Search Unity

  1. We are migrating the Unity Forums to Unity Discussions. On July 12, the Unity Forums will become read-only. On July 15, Unity Discussions will become read-only until July 18, when the new design and the migrated forum contents will go live. Read our full announcement for more information and let us know if you have any questions.

Is there something I'm not understanding or missing about the agent call stack

Discussion in 'ML-Agents' started by vycanis1801, Jun 5, 2022.

  1. vycanis1801

    vycanis1801

    Joined:
    Feb 11, 2020
    Posts:
    12
    I am trying to train an agent to play a simple fighting game. Any player, agent or human, has one attack, one "life", and cannot block.
    Currently I am running my agent such that an episode ends when an agent's attack hit box collides with the opponents body.
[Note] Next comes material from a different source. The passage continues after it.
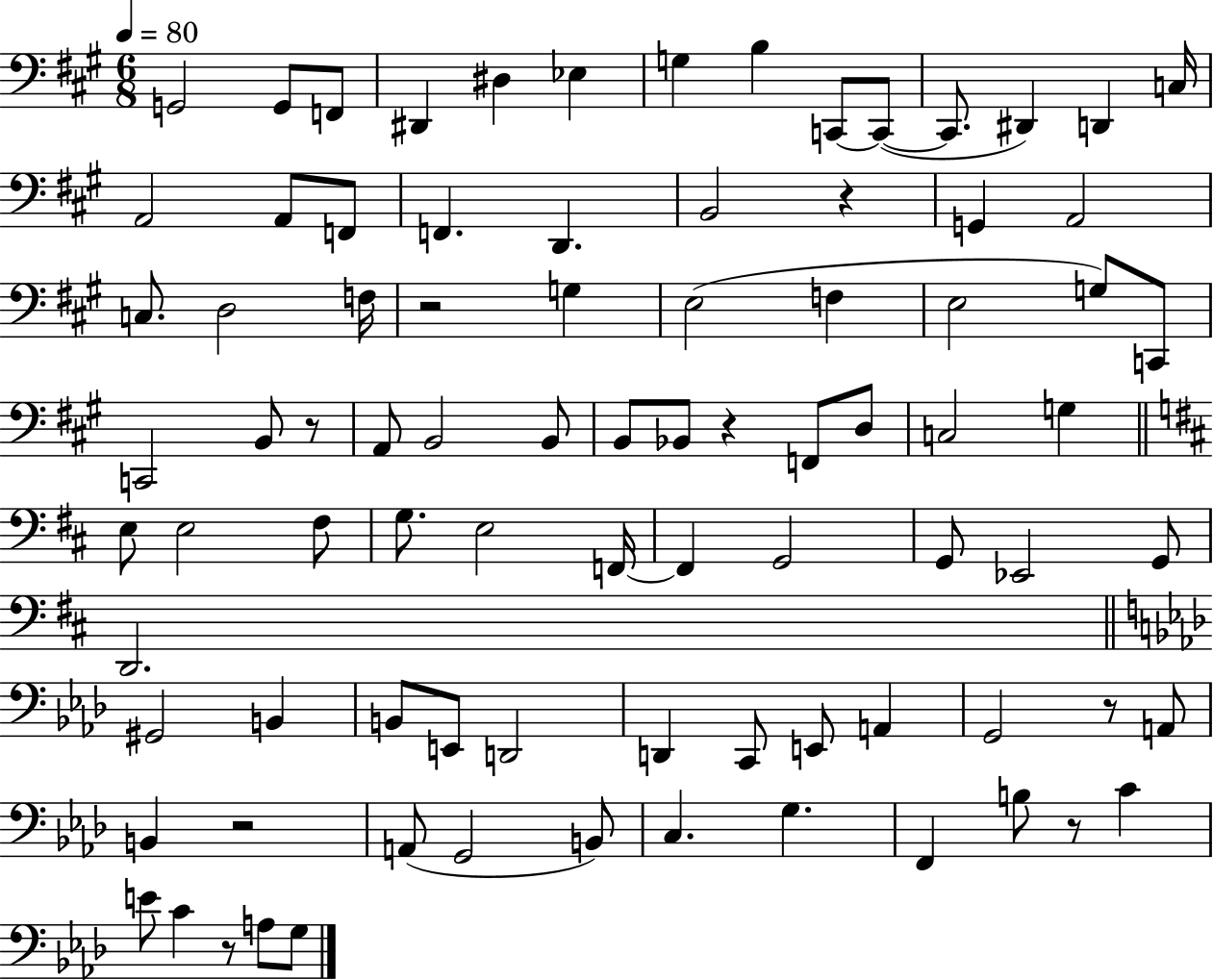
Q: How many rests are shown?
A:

    The problem I am noticing is that when EndEpisode() is called, the agents StoredActions buffer should be cleared. After stepping over that call the buffers seem to clear. However, the next time I run OnActionsRecieved(ActionBuffers actions), I see that the previous StoredActions buffer is being processed again. This is a problem for me because I have it setup such that, when a discrete action equals 3 and the agent is not currently performing an attack, it should attack.

    Code (CSharp):
    1. public override void OnActionReceived(ActionBuffers actions) {
    2.             int input = actions.DiscreteActions[0];
    3.             inputToDirection = 0;
    4.  
    5.             if (input == 1) { inputToDirection = -1; }
    6.             else if (input == 2) { inputToDirection = 1; }
    7.             else if(input == 3 && !PerformingAttack()) {
    8.                 attackTime = 0;
    9.             }
    10.  
    11.             speed = PerformingAttack() ? 0 : 2.2f;
    12.             gameObject.transform.localPosition += speed * Time.fixedDeltaTime * new Vector3(inputToDirection, 0, 0);
    13.         }
    Code (CSharp):
    1. private bool PerformingAttack() {
    2.             return attackTime >= 0;
    3.         }
    how the attack functions:
    Code (CSharp):
    1. private void UpdateAttack() {
    2.             if (attackTime >= 0) {
    3.                 attackTime++;
    4.  
    5.                 if (!hurtbox.enabled) {
    6.                     hurtbox.enabled = true;
    7.                     hurtboxRenderer.enabled = true;
    8.                 }
    9.  
    10.                 // Activate the hit box after 3 frames
    11.                 if (attackTime > 2 && !hitbox.enabled) {
    12.                     hitbox.enabled = true;
    13.                     hitboxRenderer.enabled = true;
    14.                 }
    15.  
    16.                 // Deactivte the hit box after 6 frames (number of frames the attack is active should be 3)
    17.                 if (attackTime > 5 && hitbox.enabled) {
    18.                     hitbox.enabled = false;
    19.                     hitboxRenderer.enabled = false;
    20.                 }
    21.  
    22.                 // Reset the attack
    23.                 if (attackTime >= attackLength) {
    24.                     attackTime = -1;
    25.                     hurtbox.enabled = false;
    26.                     hurtboxRenderer.enabled = false;
    27.                 }
    28.             }
    29.         }
    My understanding of the call stack based on stepping through the code is:
    EndEpisode()
    EndEpisodeAndReset(DoneReason.DoneCalled)
    _AgentReset()
    ResetData()
    m_ActuatorManager?.ResetData()
    StoredActions.Clear()
    OnEpisodeBegin()
    // Run next frame
    OnActionsReceived(ActionBuffers actions)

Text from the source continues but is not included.